(PROVIDED RECORDS begins)

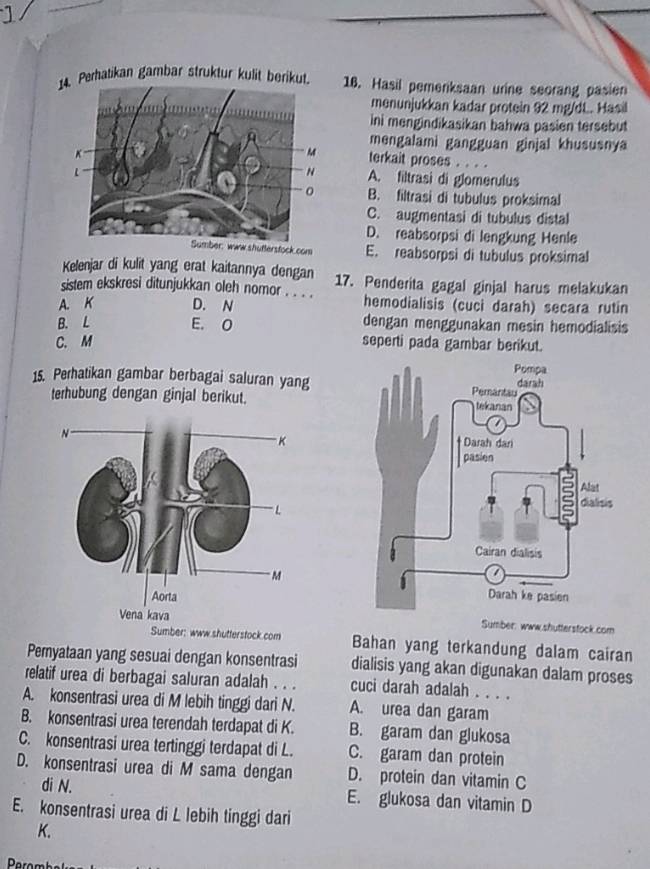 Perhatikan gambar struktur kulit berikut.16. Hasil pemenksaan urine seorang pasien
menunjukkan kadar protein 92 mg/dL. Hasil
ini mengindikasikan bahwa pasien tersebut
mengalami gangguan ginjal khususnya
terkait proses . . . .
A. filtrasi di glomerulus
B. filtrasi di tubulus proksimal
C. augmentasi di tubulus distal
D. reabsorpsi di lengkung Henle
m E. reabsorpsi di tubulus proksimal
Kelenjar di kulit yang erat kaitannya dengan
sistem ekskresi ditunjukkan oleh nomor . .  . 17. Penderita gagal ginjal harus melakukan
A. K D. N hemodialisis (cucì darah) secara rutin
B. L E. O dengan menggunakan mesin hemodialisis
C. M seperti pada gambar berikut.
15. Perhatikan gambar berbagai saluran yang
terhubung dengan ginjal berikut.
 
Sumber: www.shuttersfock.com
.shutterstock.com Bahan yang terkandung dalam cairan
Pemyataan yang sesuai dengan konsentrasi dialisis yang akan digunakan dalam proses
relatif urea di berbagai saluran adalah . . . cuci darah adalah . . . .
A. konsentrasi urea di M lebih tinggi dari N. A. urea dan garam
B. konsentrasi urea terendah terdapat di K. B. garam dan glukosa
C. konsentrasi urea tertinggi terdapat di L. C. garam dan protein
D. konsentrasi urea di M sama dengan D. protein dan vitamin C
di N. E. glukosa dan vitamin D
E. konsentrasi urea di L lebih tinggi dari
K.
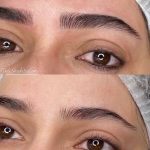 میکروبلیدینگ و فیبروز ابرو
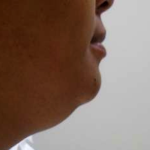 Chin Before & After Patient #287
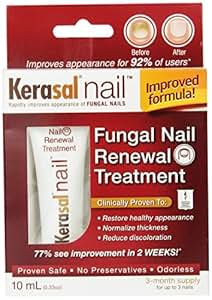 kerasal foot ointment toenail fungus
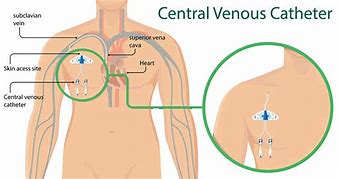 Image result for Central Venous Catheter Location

(PROVIDED RECORDS ends)
(PROVIDED RECORDS begins)

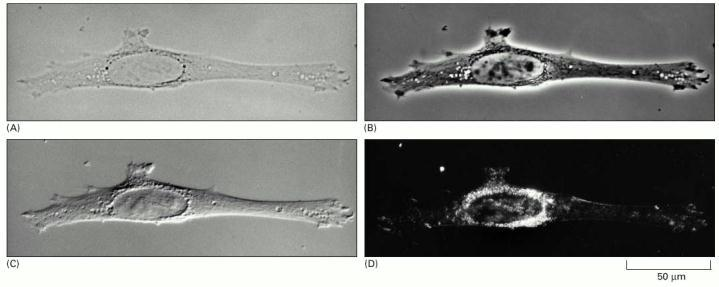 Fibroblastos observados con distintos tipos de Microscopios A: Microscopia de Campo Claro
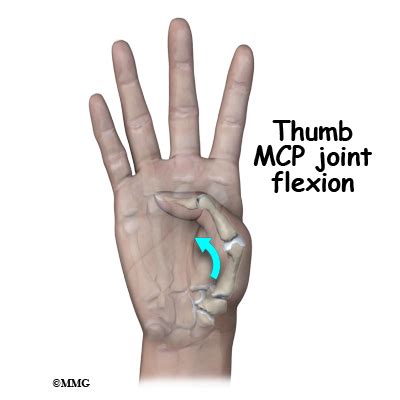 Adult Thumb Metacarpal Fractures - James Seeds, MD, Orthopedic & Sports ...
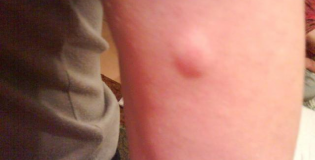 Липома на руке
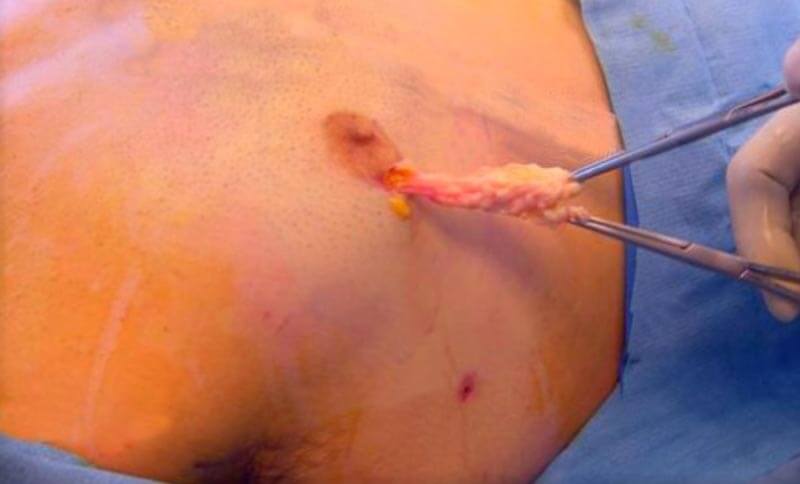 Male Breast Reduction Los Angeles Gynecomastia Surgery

(PROVIDED RECORDS ends)

- EXERCISE INSTRUCTIONS: Although the records above contain pictures, the copy should not; retype exactly the lines from the one containing "Perhatikan gambar struktur" through the one containing "A. K D. N hemodialisis".

- REPLY:
 Perhatikan gambar struktur kulit berikut.16. Hasil pemenksaan urine seorang pasien
menunjukkan kadar protein 92 mg/dL. Hasil
ini mengindikasikan bahwa pasien tersebut
mengalami gangguan ginjal khususnya
terkait proses . . . .
A. filtrasi di glomerulus
B. filtrasi di tubulus proksimal
C. augmentasi di tubulus distal
D. reabsorpsi di lengkung Henle
m E. reabsorpsi di tubulus proksimal
Kelenjar di kulit yang erat kaitannya dengan
sistem ekskresi ditunjukkan oleh nomor . .  . 17. Penderita gagal ginjal harus melakukan
A. K D. N hemodialisis (cucì darah) secara rutin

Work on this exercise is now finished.